(SUPPLIED DATA begins)
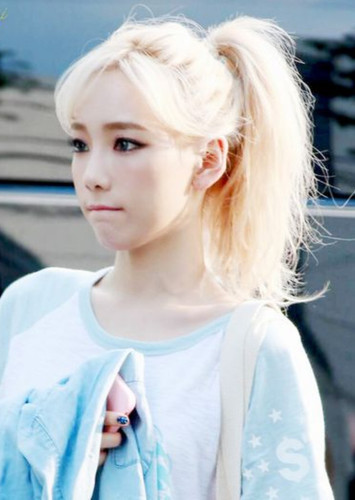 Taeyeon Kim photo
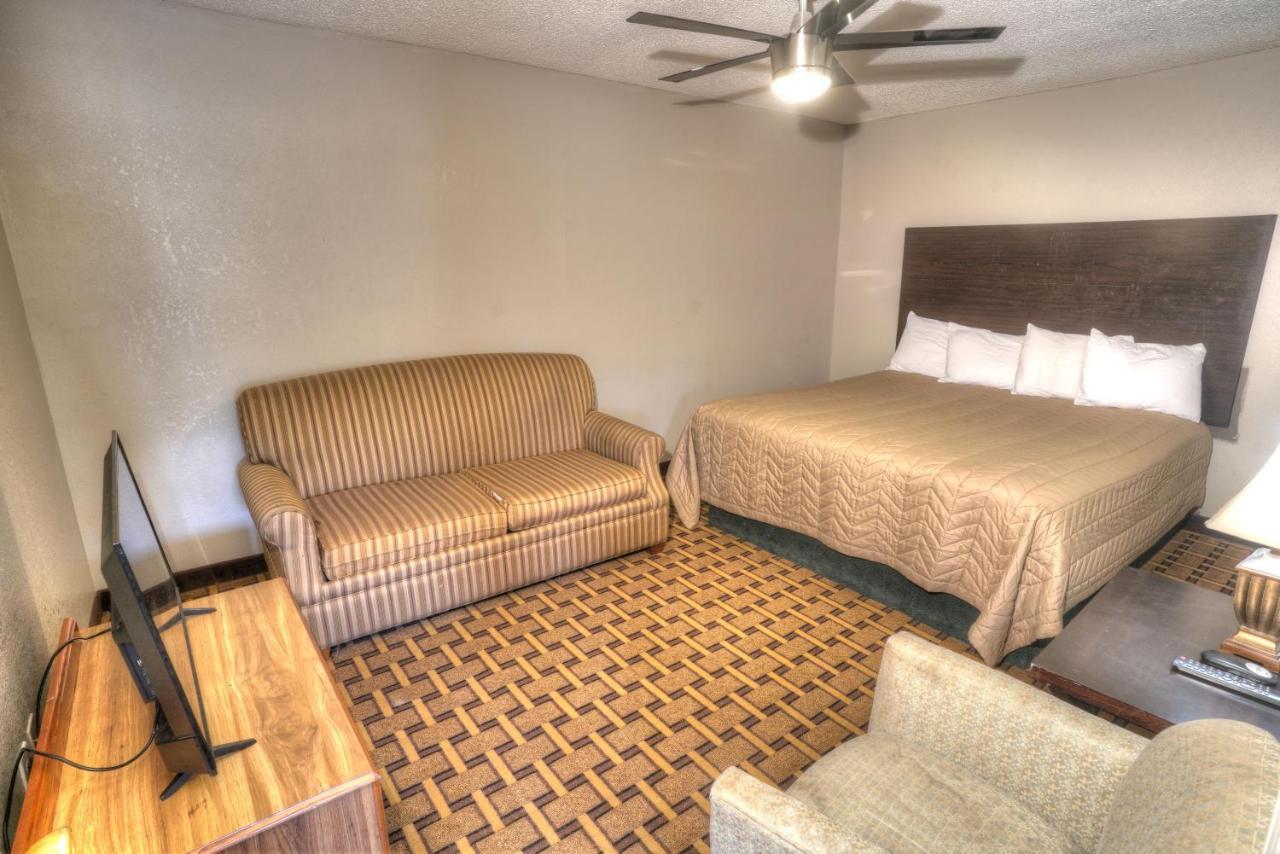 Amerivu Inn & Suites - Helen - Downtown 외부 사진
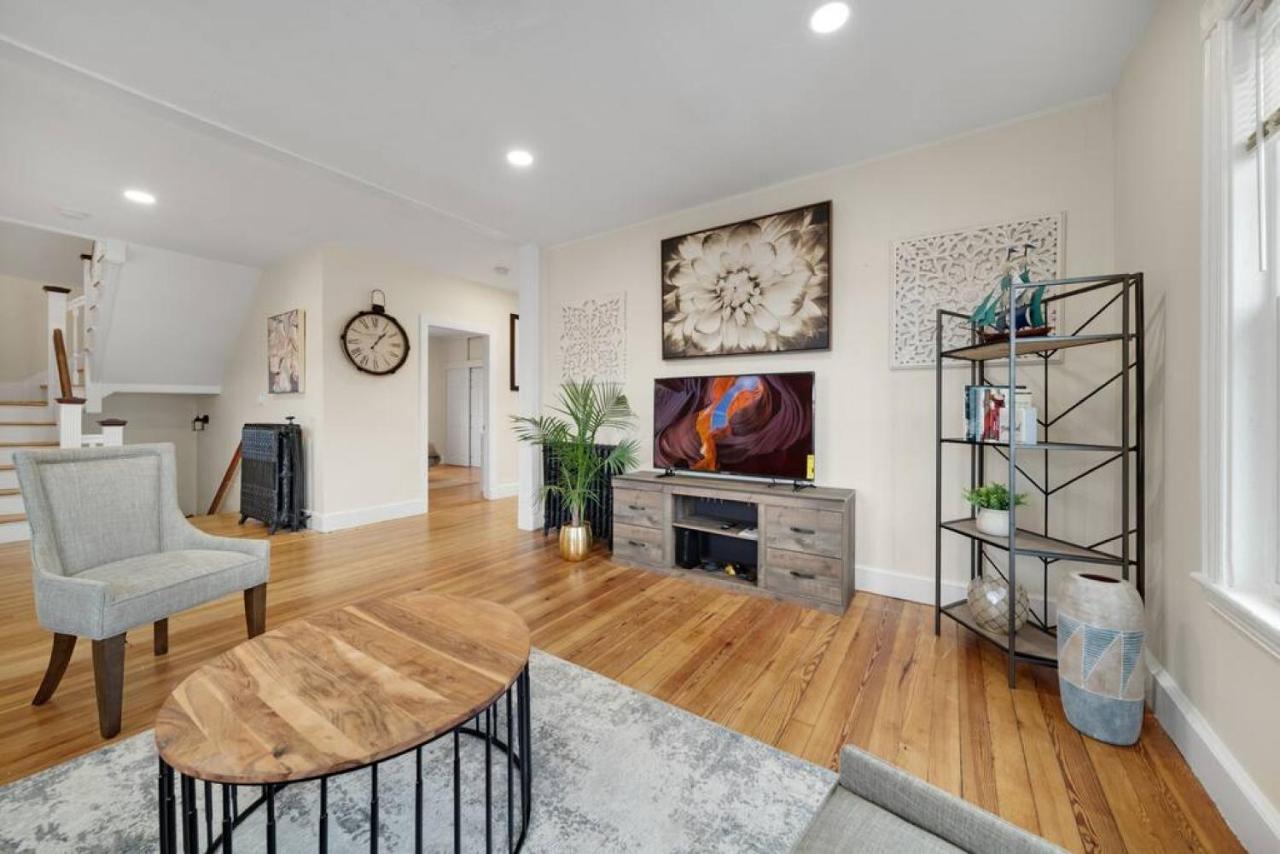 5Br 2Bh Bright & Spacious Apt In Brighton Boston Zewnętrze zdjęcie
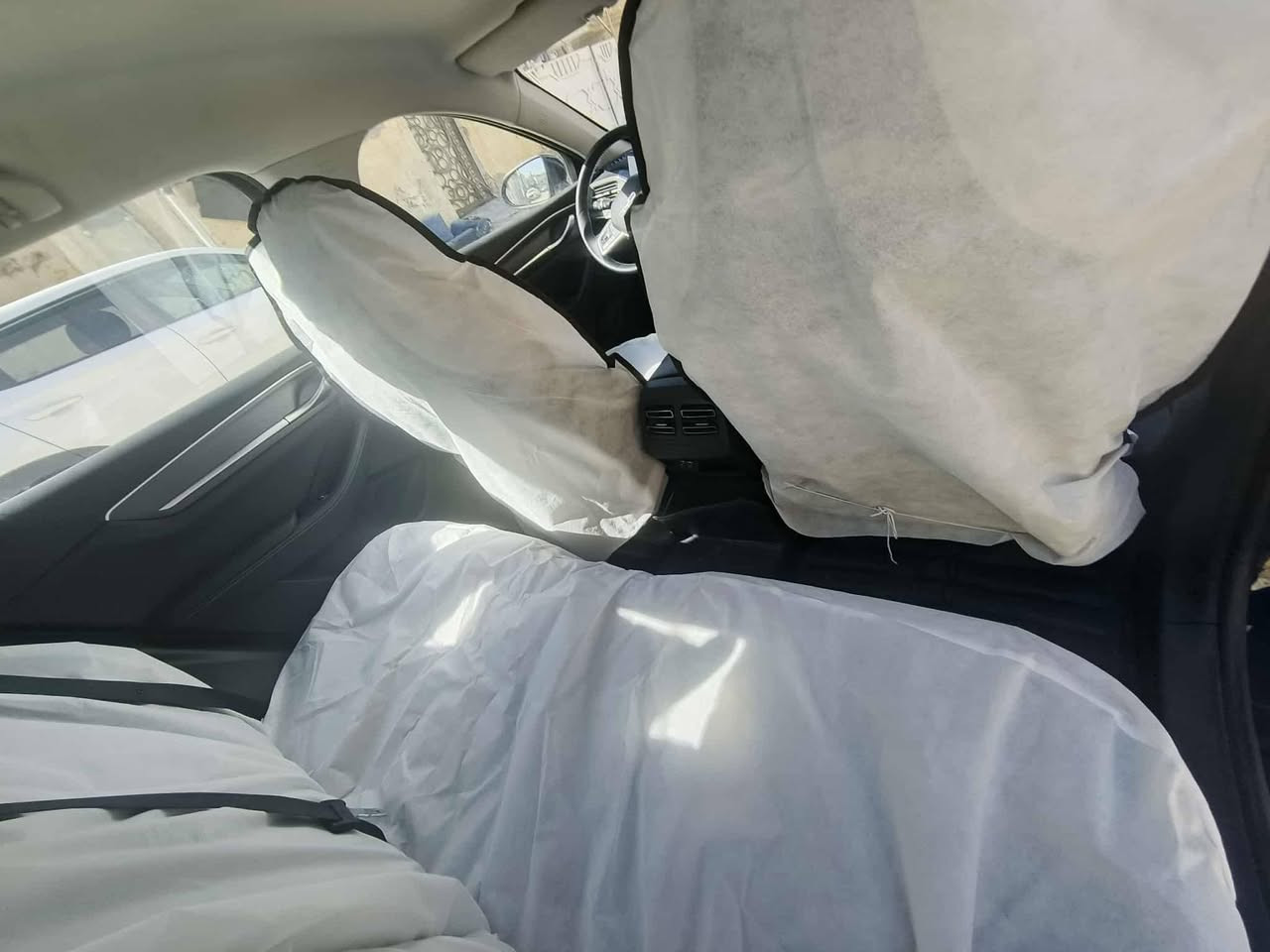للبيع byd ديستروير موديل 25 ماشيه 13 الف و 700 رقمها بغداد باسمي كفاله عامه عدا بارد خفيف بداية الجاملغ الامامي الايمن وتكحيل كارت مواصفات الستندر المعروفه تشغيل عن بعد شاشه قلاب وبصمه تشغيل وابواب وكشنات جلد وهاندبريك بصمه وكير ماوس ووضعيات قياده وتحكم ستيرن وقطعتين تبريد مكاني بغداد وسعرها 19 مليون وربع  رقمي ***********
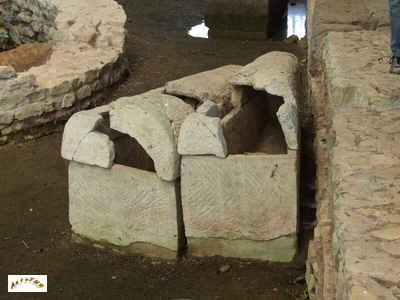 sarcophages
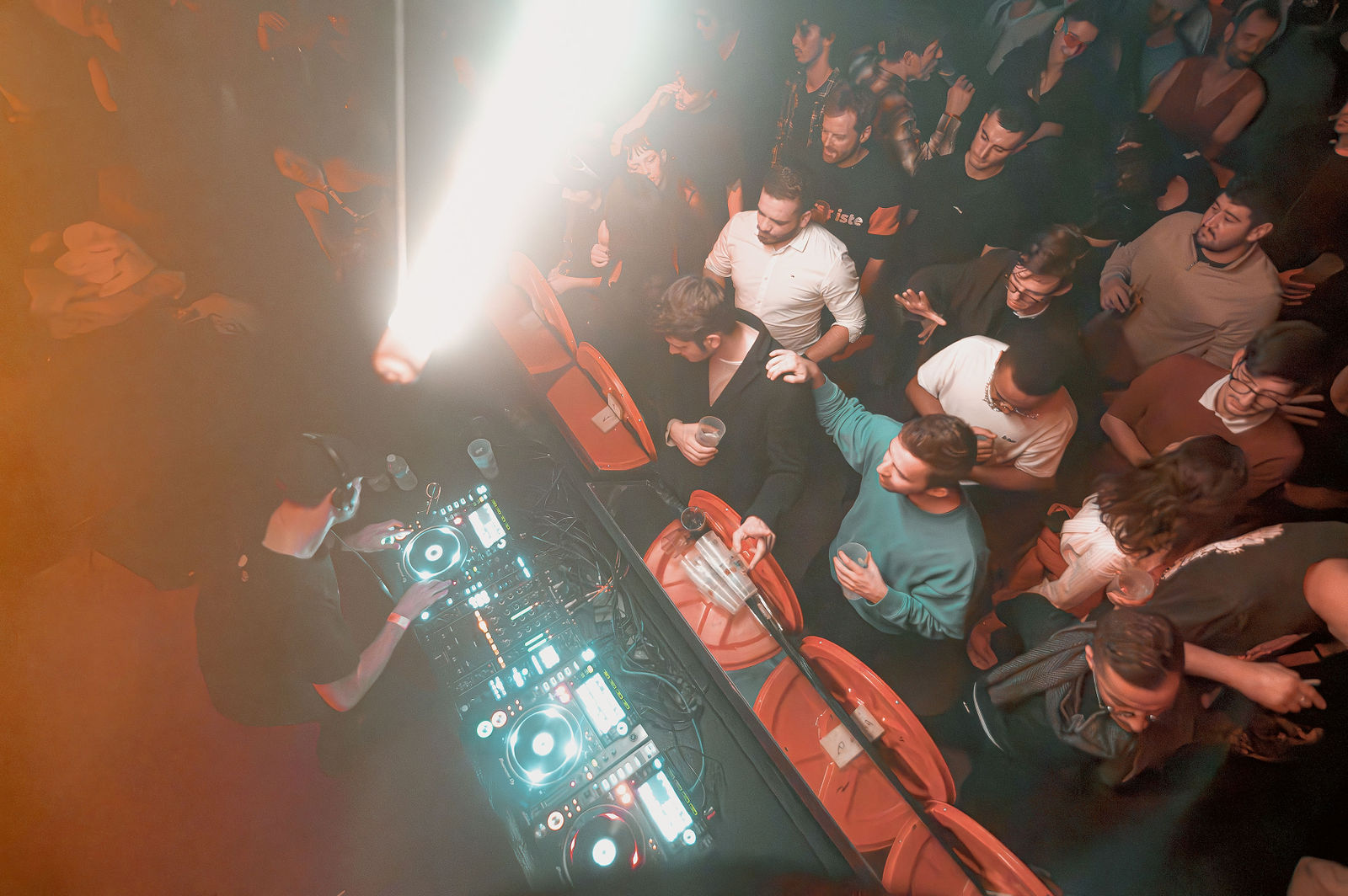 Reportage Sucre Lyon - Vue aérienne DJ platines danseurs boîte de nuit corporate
(SUPPLIED DATA ends)
• [AIM OF THE EXERCISE]: Hand back the data above exactly, leaving out all pictures.

• [ANSWER BOX]:
 Taeyeon Kim photo
 Amerivu Inn & Suites - Helen - Downtown 외부 사진
 5Br 2Bh Bright & Spacious Apt In Brighton Boston Zewnętrze zdjęcie
للبيع byd ديستروير موديل 25 ماشيه 13 الف و 700 رقمها بغداد باسمي كفاله عامه عدا بارد خفيف بداية الجاملغ الامامي الايمن وتكحيل كارت مواصفات الستندر المعروفه تشغيل عن بعد شاشه قلاب وبصمه تشغيل وابواب وكشنات جلد وهاندبريك بصمه وكير ماوس ووضعيات قياده وتحكم ستيرن وقطعتين تبريد مكاني بغداد وسعرها 19 مليون وربع  رقمي ***********
 sarcophages
 Reportage Sucre Lyon - Vue aérienne DJ platines danseurs boîte de nuit corporate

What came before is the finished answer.